The study authors tested 81 sputum samples from 45 patients with AECB for interleukin 8, tumor necrosis factor alpha (TNF–alpha), and neutrophil elastase. The samples were divided into four groups by bacterial content–nontypeable Haemophilus influenzae, Haemophilus parainfluenzae, Moraxella catarrhalis, or normal flora.

Compared with samples that had normal flora, those containing M catarrhalis showed significantly higher TNF–alpha and neutrophil elastase levels. Samples that grew H influenzae had markedly increased concentrations of all the inflammatory markers tested. Samples containing H parainfluenzae exhibited a higher neutrophil elastase count but had an overall inflammatory profile similar to that of the normal samples. These results were confirmed by comparative analysis of pairs of sputum samples taken from each patient.
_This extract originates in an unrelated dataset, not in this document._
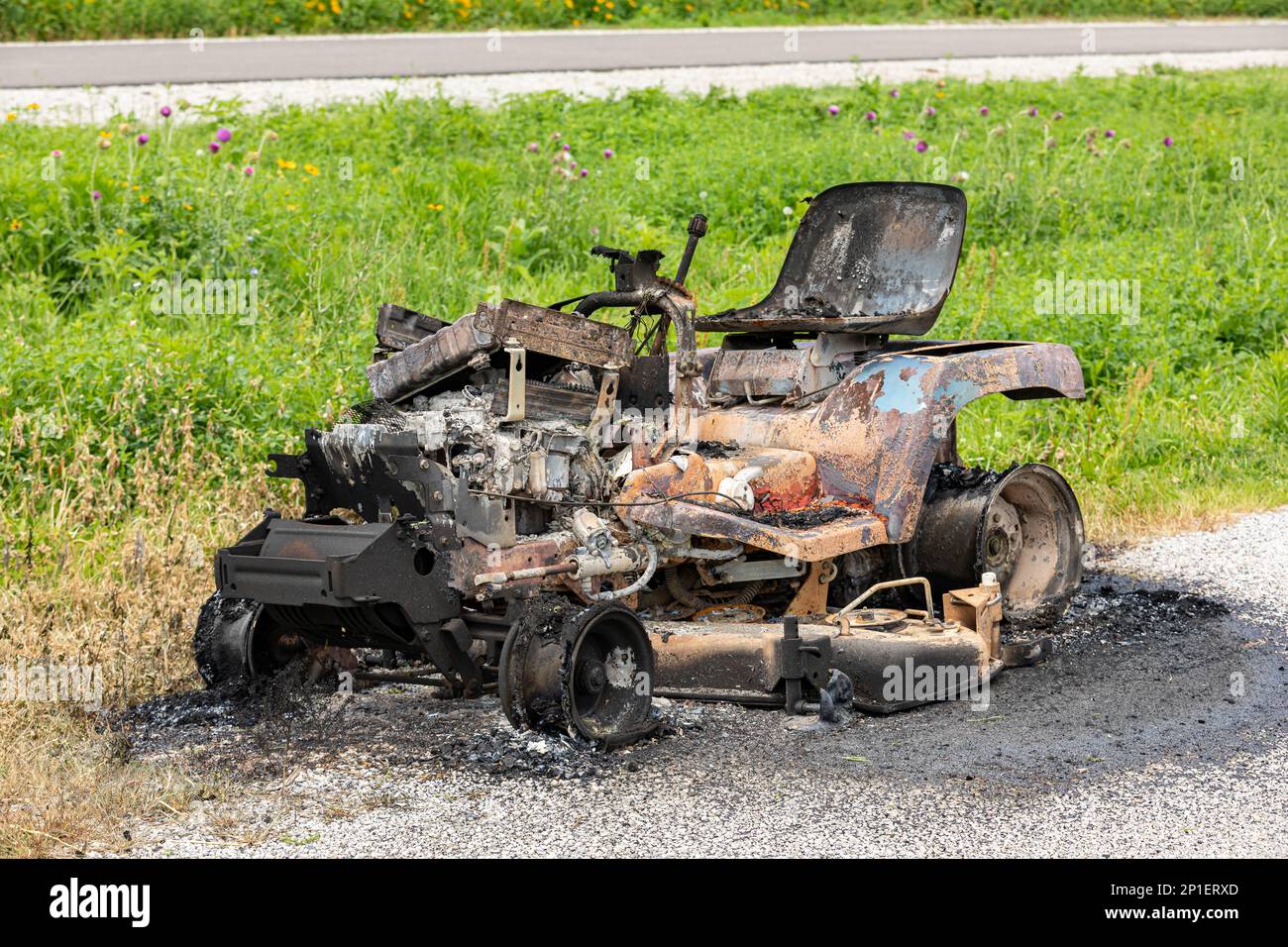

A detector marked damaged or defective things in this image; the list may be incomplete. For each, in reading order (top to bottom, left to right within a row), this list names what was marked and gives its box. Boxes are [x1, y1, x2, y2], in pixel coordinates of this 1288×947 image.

burned riding mower [195, 183, 1078, 749]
When the investigators compared levels of inflammatory markers with disease severity, they found that the sputum neutrophil elastase count significantly correlated with AECB severity. They also discovered that this count distinguished bacterial from nonbacterial AECB. This study supports an etiologic role for H influenzae and M catarrhalis, but not for H parainfluenzae, in AECB and implies that antibiotics may be useful in treating the condition, said Dr. Sethi, an Assistant Professor of Pulmonary and Critical Care Medicine at the School of Medicine and Biomedical Sciences, State University of New York at Buffalo. It may someday be possible, he added, to use the sputum neutrophil elastase count as a clinical tool to determine if AECB is bacterial or nonbacterial and to estimate its severity.

--Timothy Begany

Reference

1. Sethi S, Muscarella K, Evans N, et al. Airway inflammation and etiology of acute exacerbations of chronic bronchitis. Chest. 2000;118:1557-1565.

 

References
1. The Lung Health Study Research Group. Effect of inhaled triamcinolone on the decline in pulmonary function in chronic obstructive pulmonary disease. N Engl J Med. 2000;343:1902-1909.

2. Anthonisen NR, Connett JE, Kiley JP, et al. Effects of smoking intervention and the use of an inhaled anticholinergic bronchodilator on the rate of decline of FEV1: the Lung Health Study. JAMA. 1994;272:1497-1505.